I'm starting to read this article carefully right now.

------
jacobolus
I ran across Geometric Algebra a couple months ago, and am convinced it’s one
of the most important things I’ve learned about in years.

Some quick summary / commentary to motivate reading the link:

\- By the 19th century, the complex numbers had become a generally acceptable
concept, for example with lots of attempts to prove the fundamental theorem of
algebra. The idea that the complex numbers could be thought of as 1–1 mapped
to a two-dimensional plane was widely known. Complex numbers used as an
algebraic proxy for points in the plane were useful for solving geometry
problems that Cartesian analytic geometry couldn’t manage.

\- Many thinkers were trying to extend these ideas to three-dimensional space.
Hermann Grassmann, who invented GA in the 1840s, was one of many, but in many
ways he got things “right”. Another thinker who worked extensively on this
problem was Hamilton, who devoted decades to the quaternions (a sort of
generalization of the complex numbers with three imaginary units i, j, k
instead of one) which can be quite useful for characterizing rotations and are
still used in niche physics applications even though they’ve been otherwise
marginalized by matrix approaches.

\- It turns out that there is a quite natural relationship between imaginary
numbers, the vector part of a quaternion, and geometric algebra.

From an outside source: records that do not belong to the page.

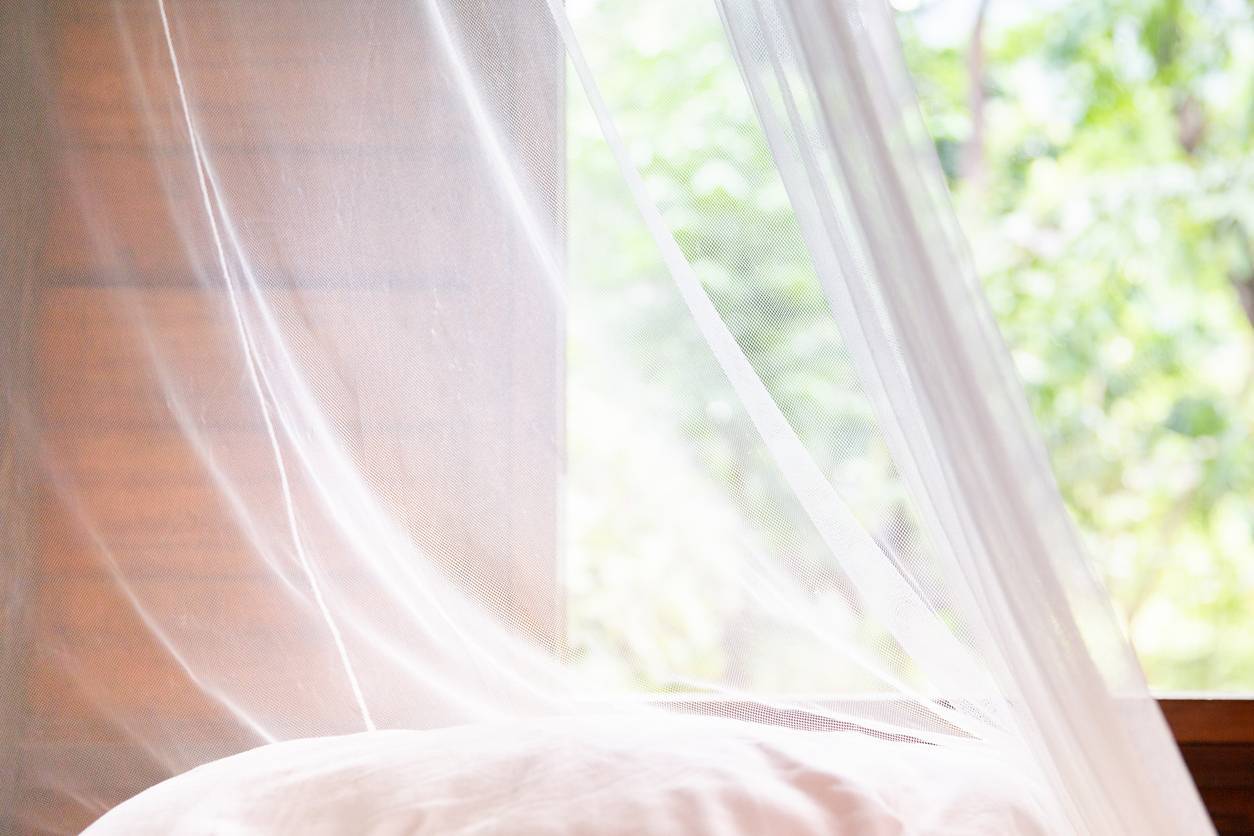 couette d'été haut de gamme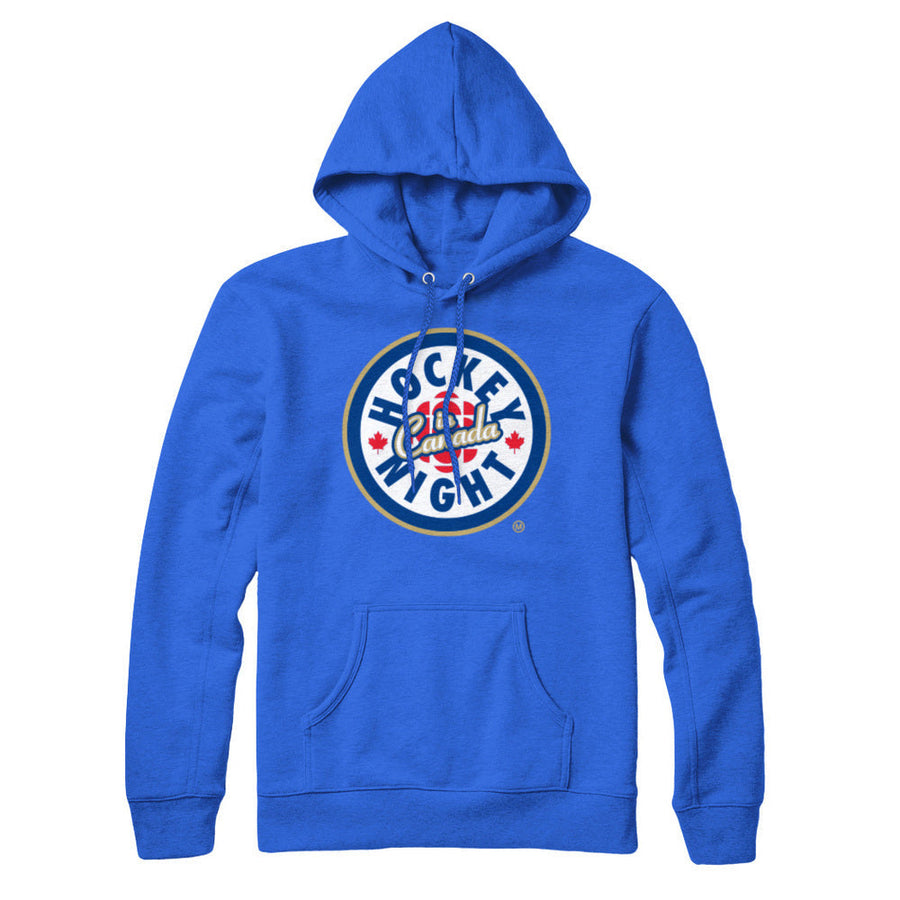 Hockey Night in Canada Sweatshirt Hoodie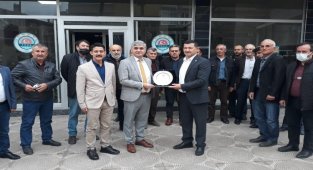 Manisa'da komisyonlar Demirci’de toplandı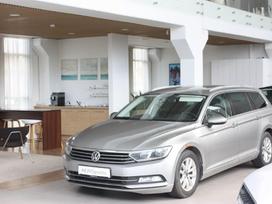 Volkswagen Passat, 2.0 l., wagon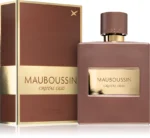 MAUBOUSSIN CRISTAL OUD HIM EDP 100ML - Image 2
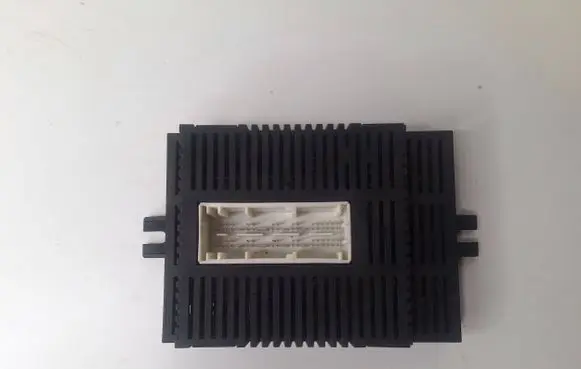 Light module LCM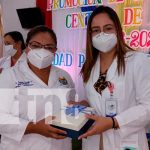 MINSA tecnifica a personal de salud en Chinandega Tecnifican a personal de salud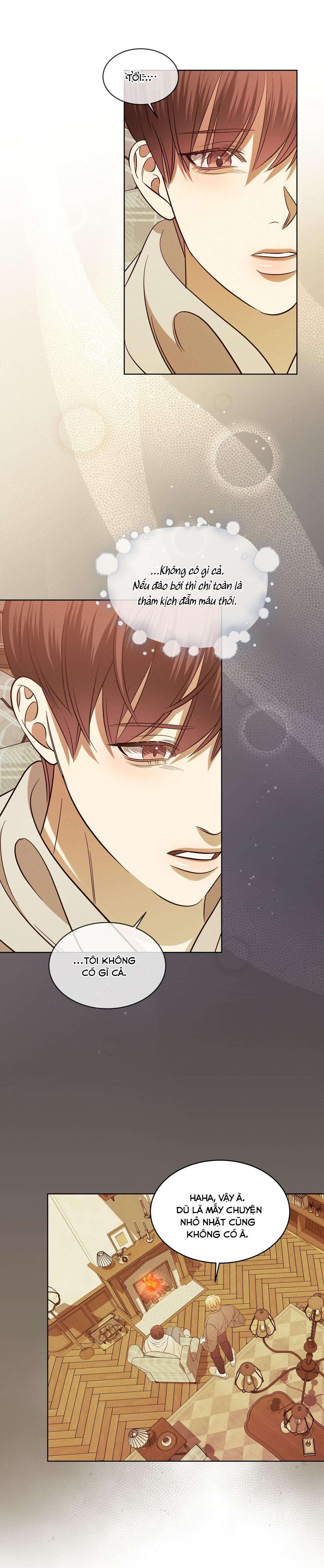 đêm săn ở london chapter 48 56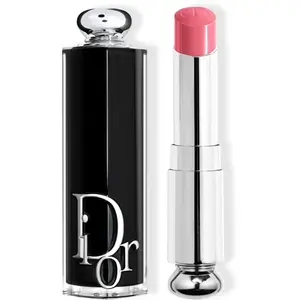 DIOR Dior Addict lesklá rtěnka plnitelná odstín 373 Rose Celestial 3.2 g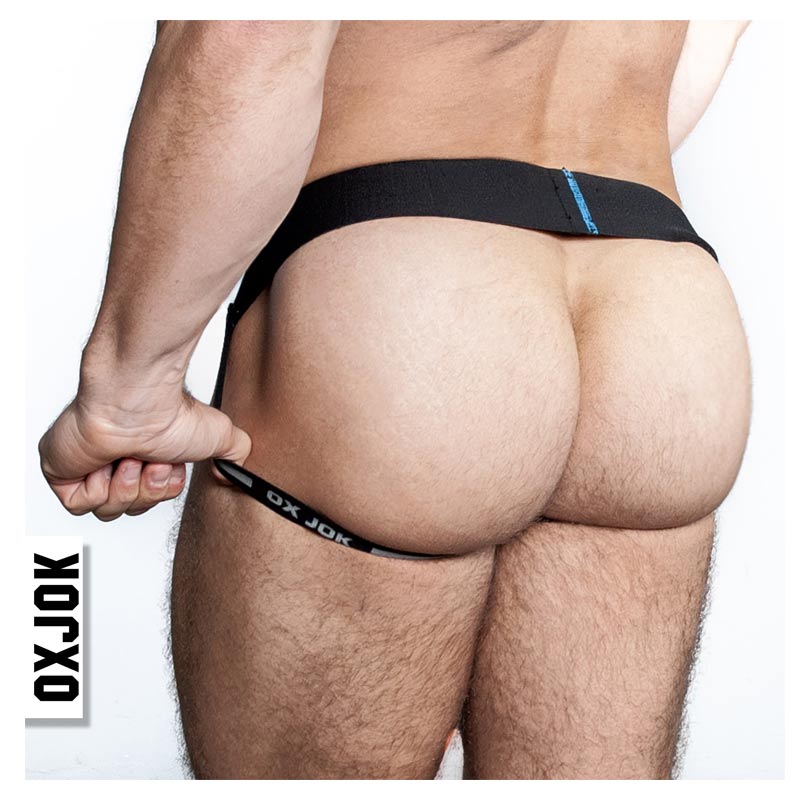 Oxballs Airmesh Swagger 运动护裆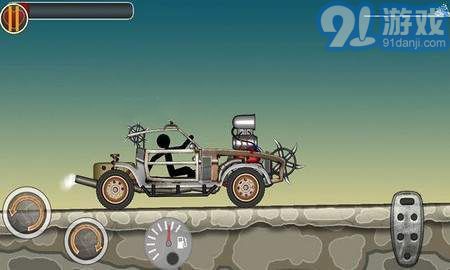 火柴人联军v1.0.9截图3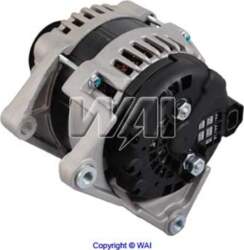 Ģenerators WAI 21513N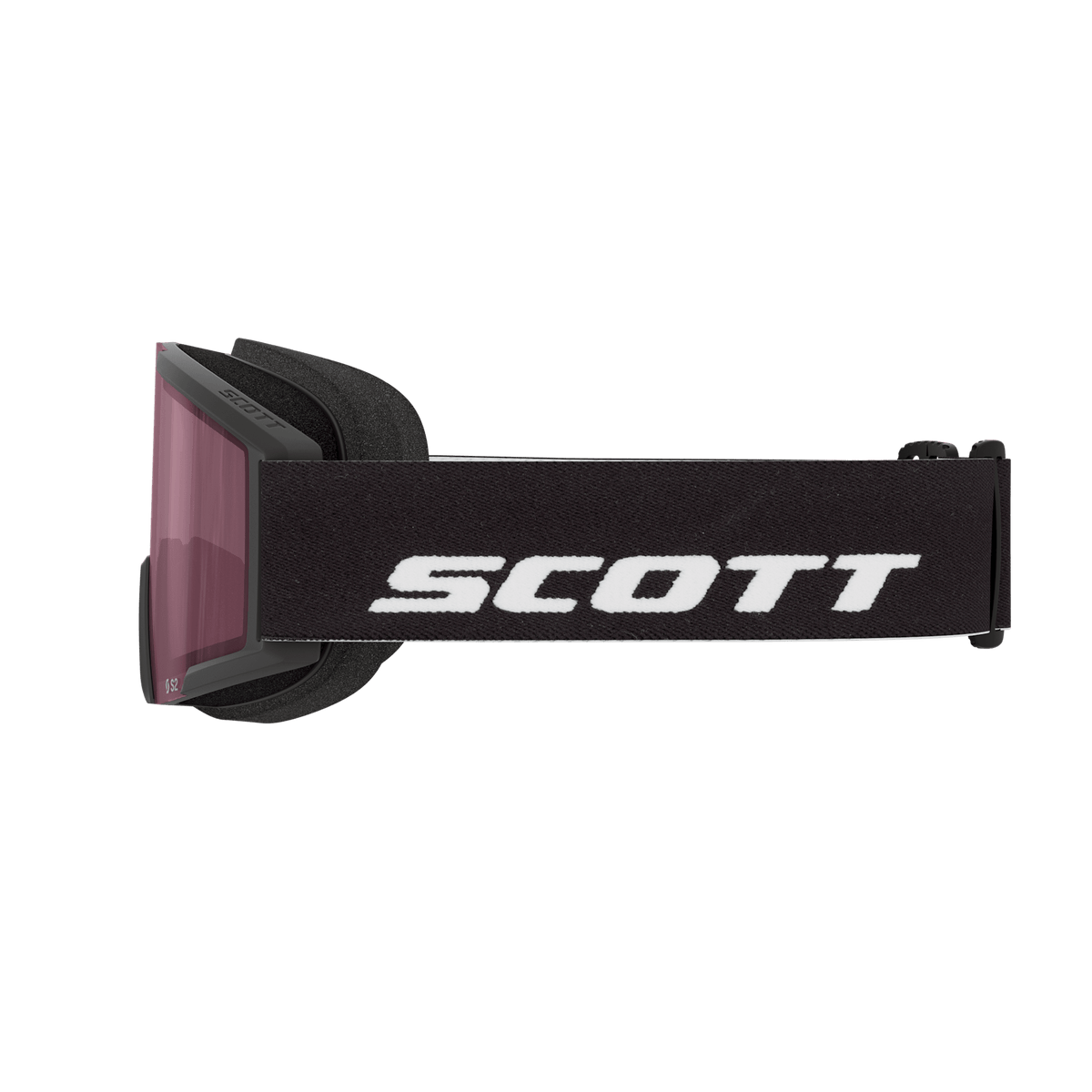 SCOTT Shield Junior Skibrille - Skibrillen bei PeakStyle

As Hestenes
describes in the linked essay, the imaginary unit, a “bivector”, can be
thought of either as an operator which performs a 90° rotation on vectors in
the plane, or as a “directed area” with unit magnitude. A quaternion’s vector
part is just a combination of three unit bivector components of geometric
algebra in 3-dimensional space. This gives complex numbers and quaternions a
nice intuitive geometrical interpretation, and makes them a lot less foreign
seeming to students.

\- The traditional/mainstream conception of vector algebra (which ended up
winning the 19th century fight among tools for the algebra of space) uses a
dot product and a cross product, which are defined to be, respectively, a
scalar and a vector. Cross products constantly come up in the physics of
rotations, and in trying to compute areas and volumes. Under GA, the “outer
product”, mathematically dual to the cross product, is seen to be a bivector.
This is a much better description because the behavior of vectors produced by
cross products is quite different than other vectors, which means that
considering them to be the same type of object results in a great deal of
confusion.

\- Geometric algebra has a natural relationship with projective geometry
(homogeneous coordinates, Plücker coordinates). Such mathematics is used
constantly in applications like computer graphics.

\- Physicist David Hestenes has spent most of his career since the 1960s
elaborating and advocating GA. In exploring various areas of physics, he found
that in almost every case GA was at least as convenient as the alternative
mathematical formulations, and often quite insightful. For instance, some
quantum phenomena which were previously considered “counterintuitive” or
strange become quite obviously necessary and natural conclusions of their
mathematical context in GA.

\- GA is still far from mainstream. As far as I can tell, it is taught to
almost no undergraduates even though it is pedagogically and operationally
superior to the alternatives. It mainly comes up in very technical advanced
physics courses and extremely abstract mathematical proofs. Reading some of
these, one would never realize how broadly applicable and powerfully
connective its ideas are.

\- Geometric Algebra is (I firmly believe) the future of geometric education.
It should be taught to all students of mathematics, physics, engineering,
computer graphics, computer vision, and similar fields, perhaps starting in
high school. It simplifies both understanding and computation; for instance,
many problems can be done coordinate free, making their solutions easier to
tackle and more intuitively relevant.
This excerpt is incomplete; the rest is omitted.